Velocity ignores direction making it completely useless for quantifying useful output or just about anything else. Replacing a buggy design as part of a bug fix can be more productive than individually fixing dozens of subtle errors that take months or even years to discover and work through. However it’s easy to endlessly refactor without making net progress, and unfortunately the exact same culture can do both.
The problem with velocity isn’t poor metrics, the problem with velocity is it’s trying to measure a meaningless quantity.
I think the word choice of "velocity" indicates that its original intention was to have direction, otherwise it would be "speed" :).
What you're defining as velocity here is the exact 'micromanagement software tracking velocity metrics' that the parent comment is arguing against.
Velocity is probably more accurately thought of as the rate at which we can improve or create the right products for our business goals. But as the parent said, this is a qualitative and difficult to capture with metrics.
Depends on context, in music, economics, etc velocity doesn’t include a vector.
But to help clarify the point, if the project knew what was useless then people wouldn’t be working on it. Essentially, the team is defining useful work by what’s being worked on which robs the direction of any meaning.
What is the unit of velocity? LoC per hour? Then people would just spread out their code. Businesspoints per hour?
When I hear such things I have the strong urge to factor in how lasting such solutions are.
A company that puts up 100 bridges a year of which 90 collapse within two years is a worse engineering company than one that puts up one a year that lasts for 50 years.
That's the problem that was raised by the parent comment. There is no single 'unit' for this formulation of velocity because it is too qualitative.
It's a similar property to "code quality" in that regard. There are metrics like 'test coverage' or 'dependency graph complexity' but these can also be gamed intentionally or unintentionally much like LoC.
There are lots of descriptive metrics you can come up with that can be useful in exploring how you are performing or how your performance is changing with regard to quality or velocity. But treating such a metric as an actual proxy for the underlying property is not useful and sometimes counterproductive as you point out.
I think this is where the notion of software craftsmanship appears. We are still at the point where it requires an expert who is engaged in the process to essentially sense how they or their team is performing on these properties. They can use metrics to inform that sense or to help in determining what actions should be taken.
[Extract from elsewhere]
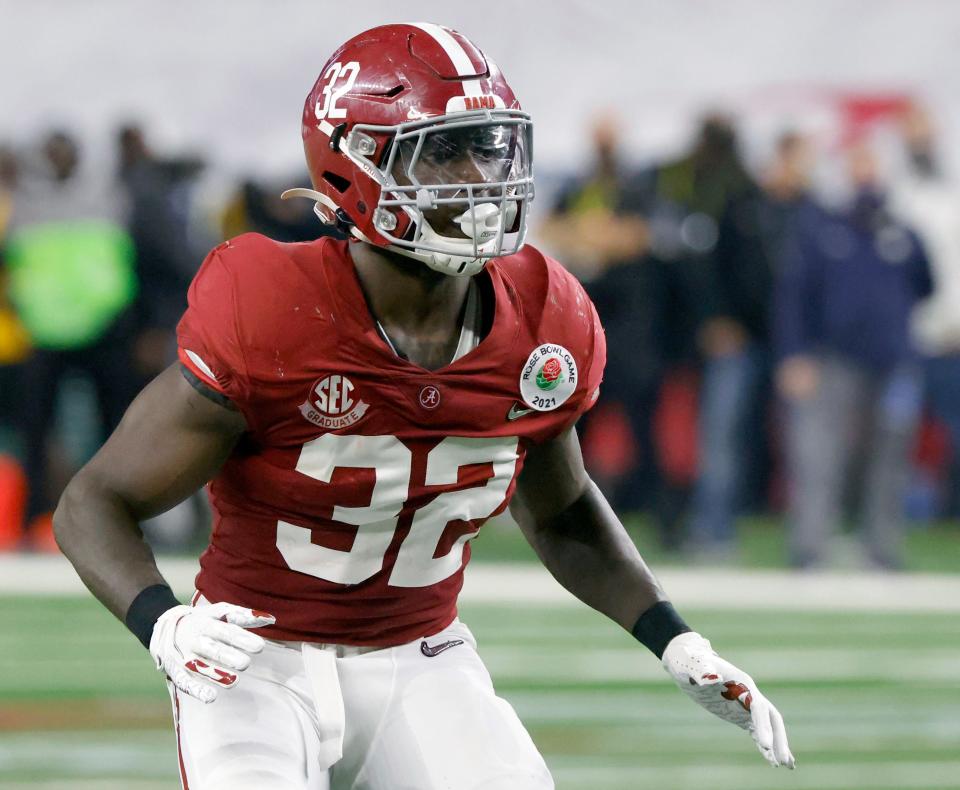 Alabama linebacker Dylan Moses (32) plays against Notre Dame during the Rose Bowl NCAA college football game in Arlington, Texas, Friday, Jan. 1, 2021. In a recent Instagram post, Moses detailed his struggles with physical problems "fighting through pain every single game" and disclosed his grandmother's death. "It's been times I wanted to quit and times I wanted to walk away from my dreams," he posted. (AP Photo/Ron Jenkins)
But this is frustrating for larger organizations where frequently the people who want to measure a certain property are not actually participating in the process because they are separated by multiple layers of management. You essentially have to trust that every management layer below you is able to accurately assess a qualitative property, which is difficult to standardize and scale.
How about measuring time until a customer (or plural) gains value from a feature? I know it's very ephemeral, but in general building a bridge is not the end goal, what if no one uses it or even knows about it?
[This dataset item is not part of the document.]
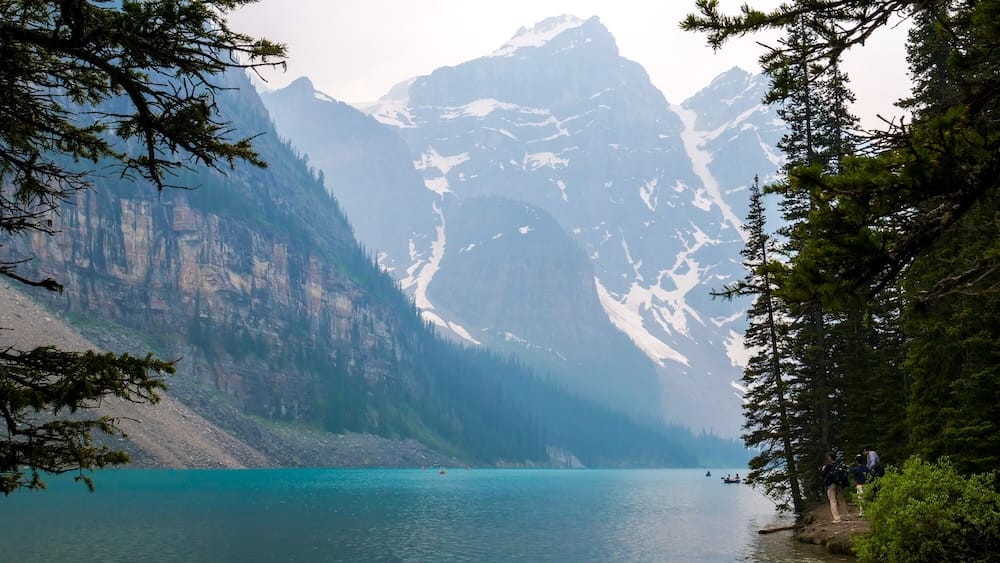 Scenic view across turquoise Moraine Lake in Banff National Park, Alberta, Canada, framed by conifer trees with steep rocky mountains and lingering snow rising behind the water.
> Velocity ignores direction making it completely useless for quantifying useful output or just about anything else
Velocity is important but I think it's an orthogonal concept to quantifying useful output. In my mind, velocity is how quickly developers are able to unblock themselves and overcome obstacles. It's very possible that people can have extremely high velocity working on pointless stuff but that's not what velocity is meant to track anyway.
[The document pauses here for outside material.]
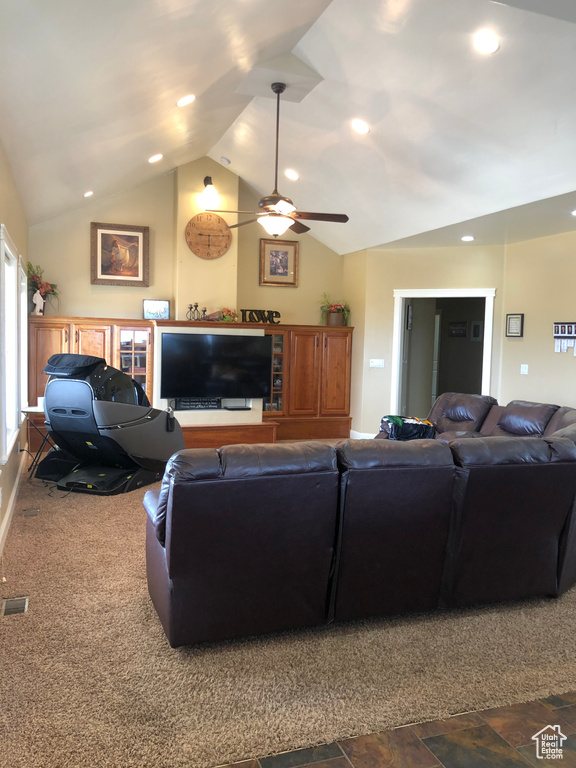 Living room with ceiling fan, lofted ceiling, and tile flooring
> The problem with velocity isn’t poor metrics, the problem with velocity is it’s trying to measure a meaningless quantity.
that's exactly right, it's taking 2 dimensions (estimate and fitness of estimate) and quashing it down into 1 dimension, where you necessarily lose information.
It's a point in that it's an abstract idea that can represent an atom or a universe.
It's not useful for anything outside of the abstract.
The problem with velocity isn’t poor metrics, the problem with velocity is it’s trying to measure a meaningless quantity.